Zafrullah Khan, the ousted chairman of Chase Bank, was the chief architect and biggest beneficiary of some Sh11 billion systematically looted from the troubled mid-sized lender, financial consultancy Deloitte has told lawmakers.
Mr Khan is said to have siphoned the cash to entities he co-owned with suspended managing director Duncan Kabui.
He pumped the funds in buying prime real estate and constructing properties in Nairobi and abroad. The huge outflows from Chase Bank peaked in 2012.
When Deloitte probed deeper into the transactions early this year, the duo disguised them as loans disbursed in line with Islamic banking, the auditing firm told a National Assembly committee probing the collapse of the bank.
“These companies are owned by the chairman, over 90 per cent of the ownership of those companies was the chairman and 10 per cent was the group MD,” said Fredrick Aloo, a partner at Deloitte & Touche in charge of auditing Chase Bank’s accounts.
“There was no single documentation to show how the money was advanced from the bank to purchase those properties,” Mr Aloo said in his submissions.
Deloitte was summoned to appear before the National Assembly’s Trade, Finance and Planning committee which is investing the circumstances leading to the collapse of Chase Bank, which had Sh73 billion in deposits and 170,000 customer accounts.
Ms Muthoni Kuria is now the chair of Chase Bank’s eight-member board which also includes CEO Paul Njaga, lawyer Anthony Gross, businessman Rafiq Shariff, Richard Carter, and French PE firm Amethis co-founder Laurent Demey.
Mr Khan, 60, is one of the founding owners of Chase Bank, and was first appointed group managing director in 2009 and later made chairman in 2014.
His interests in Chase Bank are held through Sheghas Ltd, the second-largest shareholder at the SME-focused lender with a 13.9 per cent stake.
Deloitte said that the embezzling of Sh11 billion at Chase Bank had left the lender running on empty as the heist had wiped out the lender’s core capital of Sh9.6 billion as at December 2015.
The Central Bank of Kenya last week disclosed that it had seized assets worth Sh7.9 billion from Mr Khan and Mr Kabui, which allowed the re-opening of Chase Bank on April 27, 2016 after a three-week closure.
The prime assets forcefully seized include a business park in Karen, a three-acre parking lot in Nairobi, some 240 acres of land on Mombasa Road, a three-acre plot next to the German Embassy on Riverside Drive and various high-end properties in Dubai.
Deloitte said a further Sh3.1 billion was stolen from Chase Bank, saying that Mr Khan had pointed a finger at finance manager Makarios Agumbi and James Mwaura, the credit manager.
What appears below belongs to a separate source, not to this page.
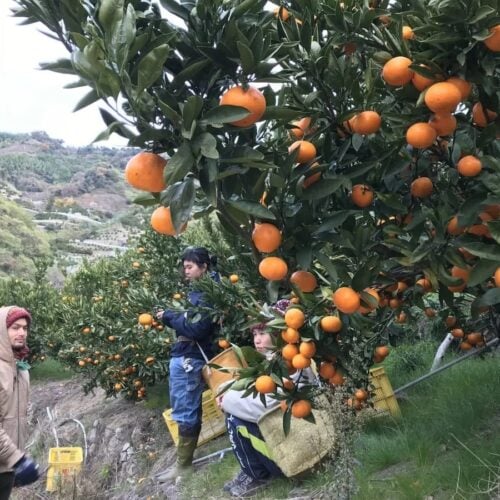 愛媛県松山市の忽那諸島は、柑橘類の産地。シーズンにはアルバイターが入り、交流人口が多くなります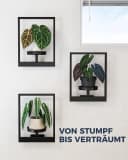 SURFOU Wanddekoobjekt 3er Set Bilderrahmen Metall Pflanzenhalter Bild 3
However, Deloitte said it strongly believes that it is Mr Khan who carried out the heist.
“The Sh3.1 billion we also believe was eventually channelled to the chairman. We are looking for those properties as well,” said Deloitte East Africa chief executive Sammy Onyango in his submissions.
The hefty interest-free loans were taken as insider borrowing and the properties purchased were disguised as Musharakah — a sharia-compliant financing used by Islamic banks —where partners form joint ventures to co-own assets and share profits and losses in a ratio mutually agreed.
Some of these properties were already completed and generating income but none of that income was going to Chase Bank, Deloitte said.
Mr Onyango said the ousted chairman had admitted to irregular borrowing and confided in him as follows: “That is a mistake and we’re going to transfer them immediately.”